Problem to work on: Would you write out the entries that follow word for word, omitting any images?

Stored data
- - -

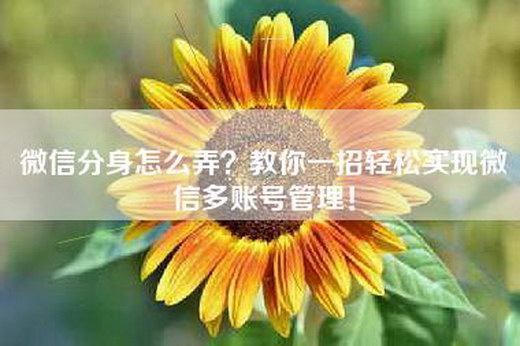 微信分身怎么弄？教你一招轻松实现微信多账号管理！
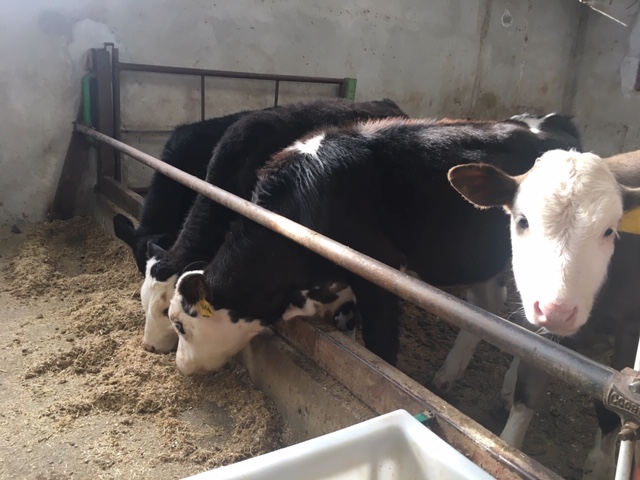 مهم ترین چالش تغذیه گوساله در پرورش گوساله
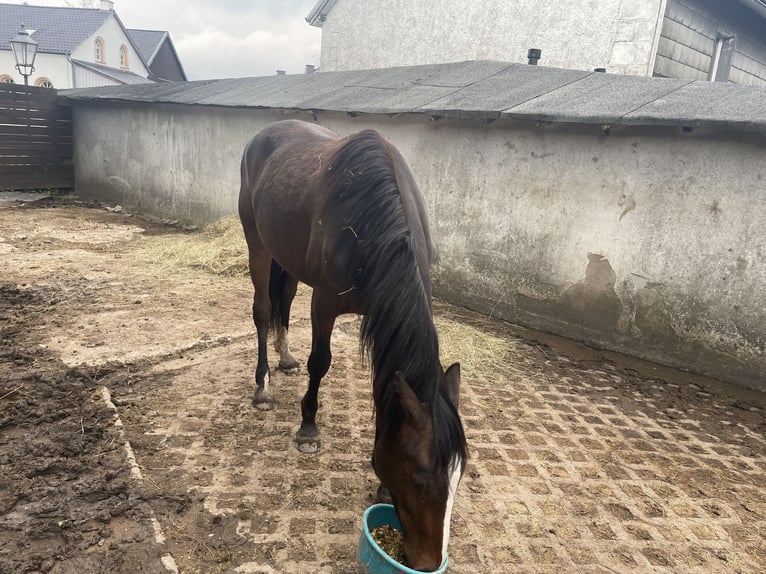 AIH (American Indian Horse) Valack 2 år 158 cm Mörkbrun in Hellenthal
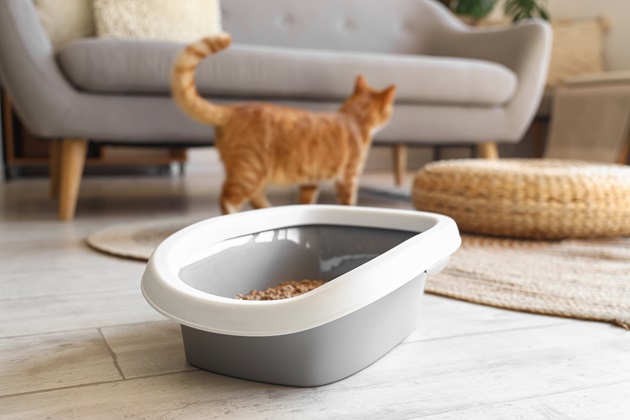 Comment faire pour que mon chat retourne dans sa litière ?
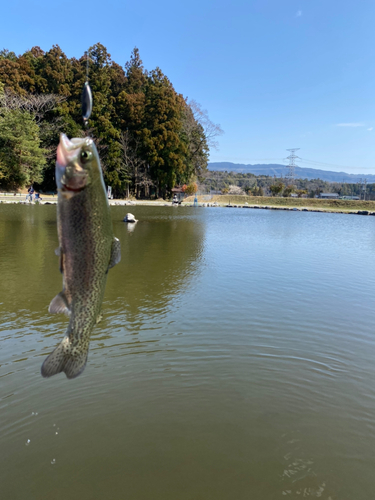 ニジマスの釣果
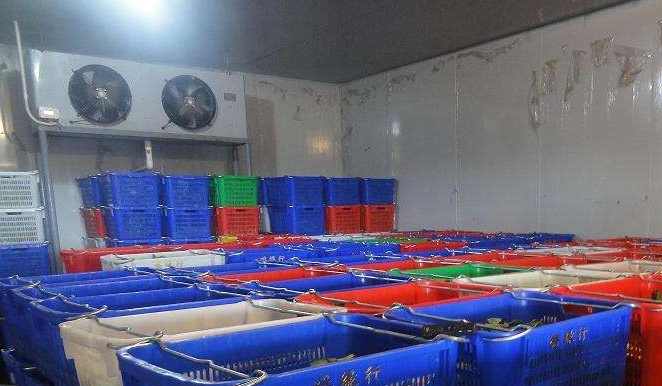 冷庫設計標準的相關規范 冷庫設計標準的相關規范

- - -

Expected output:
 微信分身怎么弄？教你一招轻松实现微信多账号管理！
 مهم ترین چالش تغذیه گوساله در پرورش گوساله
 AIH (American Indian Horse) Valack 2 år 158 cm Mörkbrun in Hellenthal
 Comment faire pour que mon chat retourne dans sa litière ?
 ニジマスの釣果
 冷庫設計標準的相關規范 冷庫設計標準的相關規范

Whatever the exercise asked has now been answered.